Patronin der Lehrer und Schüler

Zum Gedenktag der heiligen Märtyrin Katharina von Alexandrien am 25. November. Von Katrin Krips-Schmidt
Foto: IN | Die heilige Katharina, dargestellt von Caravaggio (1595/96).
Foto: IN | Die heilige Katharina, dargestellt von Caravaggio (1595/96).

Auch wenn es von der heiligen Katharina von Alexandrien, einer der populärsten Heiligen des Mittelalters, heißt, ihr Leben entstamme wahrscheinlich dem Reich der Legende, lohnt es doch, ihre Geschichte zu erzählen.

Die im Orient vermutlich im sechsten oder siebten Jahrhundert entstandene Überlieferung wurde zunächst auf Griechisch verfasst, bevor sie ins Lateinische und in die europäischen Volkssprachen übersetzt wurde. Besonders verehrt wurde Katharina in Frankreich, da die heilige Johanna von Orléans angab, die Märtyrerin sei eine der himmlischen Stimmen gewesen, die ihr die Richtung wies. Katharina zählt zudem zu den drei heiligen Jungfrauen („den drei heiligen Madln“) und damit zu den vierzehn Nothelfern.

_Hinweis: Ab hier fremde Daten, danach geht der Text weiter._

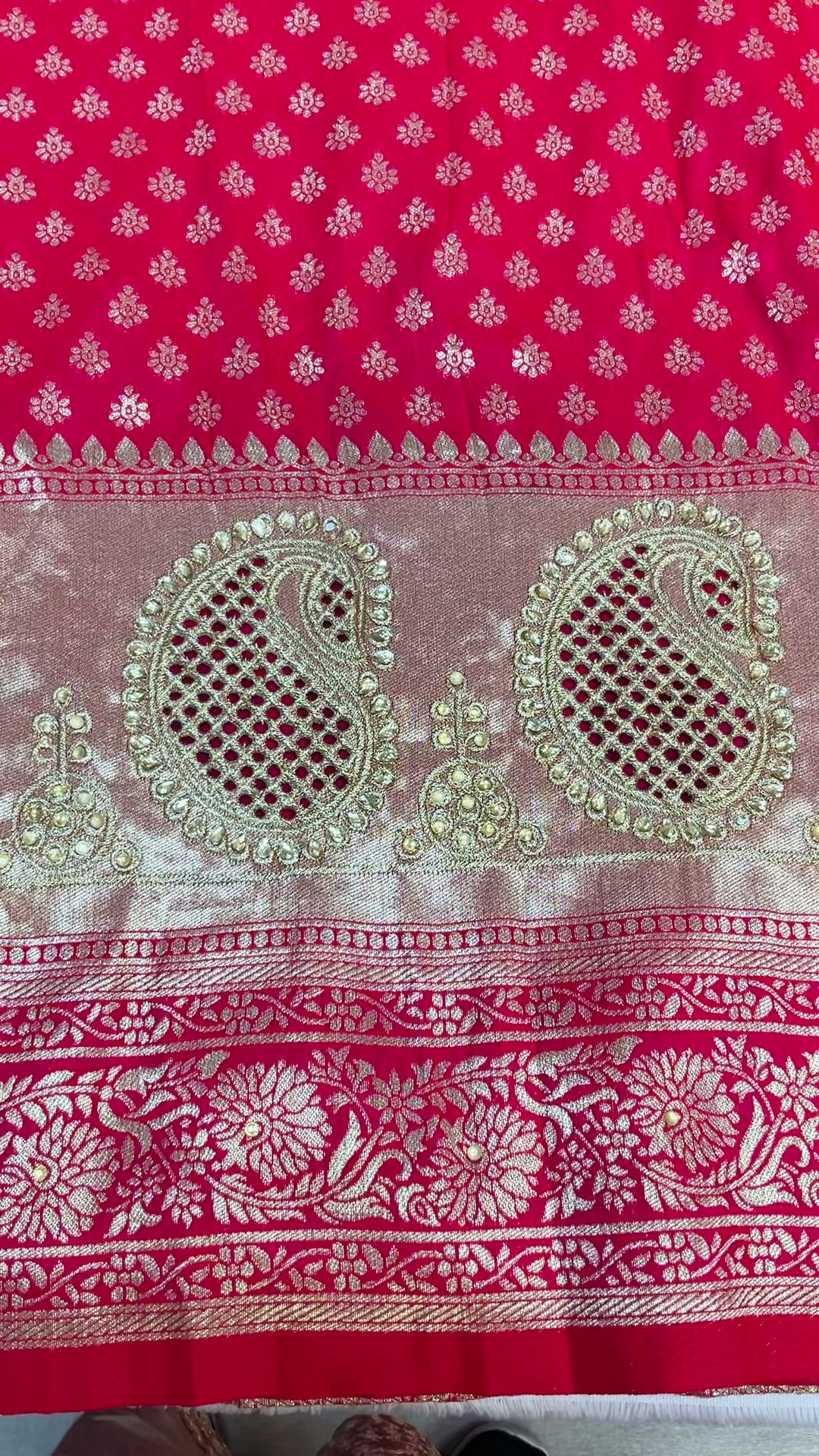 Pink Benarasi Silk Saree with Cut work Mango Design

Als Tochter aus einer adligen Familie wurde Katharina um das Jahr 292 in Alexandrien in Ägypten geboren, erhielt eine exzellente Ausbildung und war mit einem glänzenden Verstand und einer außergewöhnlichen Schönheit gesegnet. Allerdings war sie auch übermäßig stolz. Sie verbrachte viel Zeit in der damals legendären Bibliothek ihrer Heimatstadt und verschlang geradezu die Werke antiker Philosophen. Als sie dort eines Tages über der Lektüre eingenickt war, erschien ihr in einem Traumgesicht eine wunderschöne Frau mit ihrem kleinen Sohn auf dem Schoß. „Möchtest du sie gerne heiraten?“, fragte die Dame das Kind. „Nein“, kam es zurück. „Sie ist noch nicht wirklich schön, weil sie noch nicht getauft ist.“

Katharina erwachte weinend. Ein Eremit näherte sich ihr und deutete den Traum: „Die Frau war die heilige Jungfrau Maria und der kleine Junge ihr Sohn Jesus Christus. Wenn du Christin wirst, wird er dich schön finden.“

Ein Priester unterrichtete Katharina im Glauben und taufte sie. Bei einer nächsten Vision erschien ihr Christus erneut und vermählte sich mit ihr in einer mystischen Hochzeit.

Der Legende nach fiel Katharina zwischen 306 und 313 der Christenverfolgung des römischen Kaisers Maxentius zum Opfer. Dieser wollte die junge Christin zwingen, ihren Glauben zu verleugnen, damit sie ihr Leben rette. Vor Gericht überzeugte sie jedoch in einem öffentlichen Disput fünfzig heidnische Philosophen von der Wahrheit des Christentums, so dass sie sogar konvertierten.

Darüber war Maxentius so beschämt und empört, dass er alle Gelehrten auf dem Scheiterhaufen verbrennen ließ, anschließend ließ er Katharina foltern und auf ein mit Messern gespicktes Rad fesseln, das durch ein Wunder zerbrach. Schließlich befahl Maxentius, Katharina zu enthaupten. Engel sollen ihren Leichnam auf den Berg Sinai getragen haben, wo Jahrhunderte später ihre Gebeine aufgefunden wurden. Noch heute ist das dort errichtete Katharinenkloster ein beliebter Wallfahrtsort.

Die Märtyrerin wurde zur Patronin der Mädchen und Jungfrauen, der Lehrer, Schüler und Philosophen, der Anwälte und Universitäten, der Bibliotheken und der Bibliothekare sowie aller Berufe, die mit Rad oder Messer zu tun haben: Wagner, Töpfer, Müller, Bäcker, Friseure und Schuster. Angerufen wird die Heilige bei Migräne und Sprachstörungen, und der Kanton Wallis und die Stadt Fribourg haben Katharina zu ihrer Schutzheiligen erkoren.